All image files should use an 8.3 naming convention: eight digits, numeric, sequential, padded with leading zeros followed by a lowercase, three-character file extension, e.g. 00000013.tif, ensuring consistent and relevant image order. Directory names and structure should reflect the collection.

  • For material that has been described bibliographically, the directory name containing the image files should be the metadata management system ID number, the 001 field in the catalog record: 6124186 (MMS ID)/00000001.tif (file names); i.e. 6124186/00000001.tif. An intermediate directory is appropriate for multi-volume items. For example: 6124186 (MMS ID)/01 (volume number)/00000001.tif (file names). Directory names should not have punctuation or spaces.
  • For archival materials described in a finding aid, the directory structure generally follows the finding aid structure. The variation is that the collection code and component identification numbers are separated by an underscore and are used in place of an MMS ID. For example: C0744 (collection code)/c002 (component ID)/00000001.tif (file names) should be organized as C0744/C0744_c002/00000001.tif.

Some materials, such as audiovisual materials or ephemera, may be named corresponding to a barcode or other unique identifier assigned to each physical asset. This may also include indicators about the side (for bilateral media) and derivative status appended at the end. For example: 32101047381338_1_pm.wav (where 32101047381338 = barcode, 1 = side 1, pm = preservation master, and .wav = file extension).

Metadata needs

The most efficient workflow for PUL is for descriptive metadata to be created prior to digitization. At minimum, there must be a unique identifier, such as a metadata management system ID or a Finding Aids component ID, connecting digitized content to a metadata record.

When to Outsource Digitization

The Digital Imaging Studio can digitize many types of materials, and should be used for rare, valuable, and/or fragile material.  DPSG issues a call for digitization projects three times a year, and a small number of items can be digitized outside of the proposal period by the studio at the discretion of the studio manager.

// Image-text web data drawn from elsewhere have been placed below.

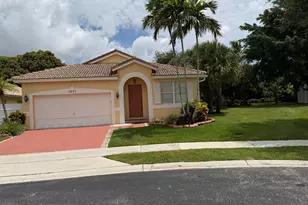 1071 Fosters Mill Rd, Boynton Beach, FL 33436 - Photo 2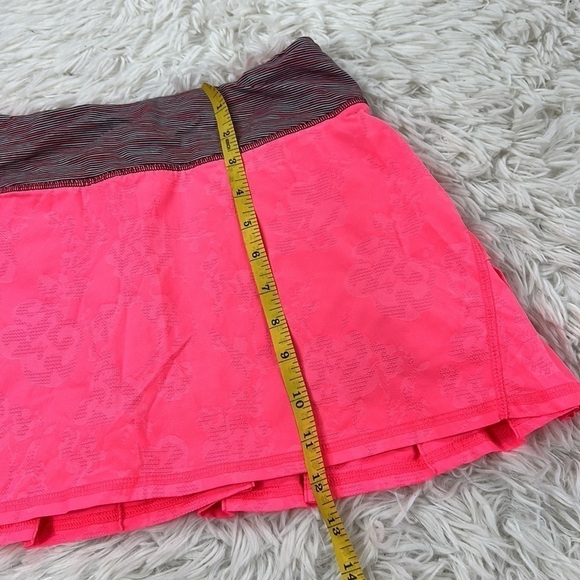 Lululemon Run: Pace Setter Skirt *Regular Flash / Wee Are From Space Deep Coal - Picture 3 of 8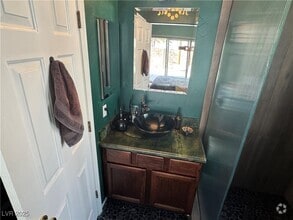 Building Photo - 1058 Warm Canyon Way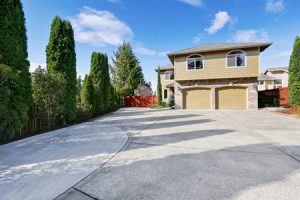 How to Maximize the Lifespan of Your Concrete Driveway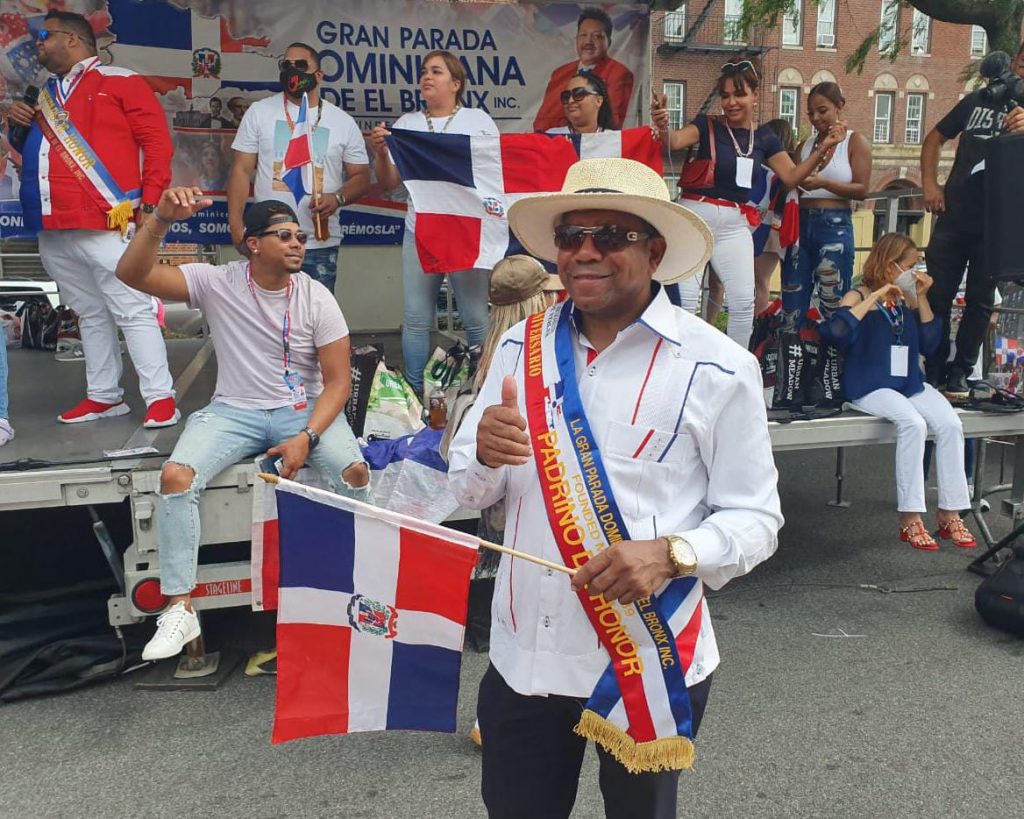 Gran Parada Dominicana de El Bronx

There are a number of factors that tend to make outsourcing digitization more practical in certain circumstances:

  • AV digitization for any formats beyond what the Mendel Music Library can support
  • Mass paper digitization, or any digitization with a short timeline and a large volume
  • Dedicated external funding for digitization, which may be more practical than hiring staff and purchasing equipment

Schedule for Review and Updating

This documentation will be reviewed at the end of each calendar year and, when necessary, designate a person or working group to make updates.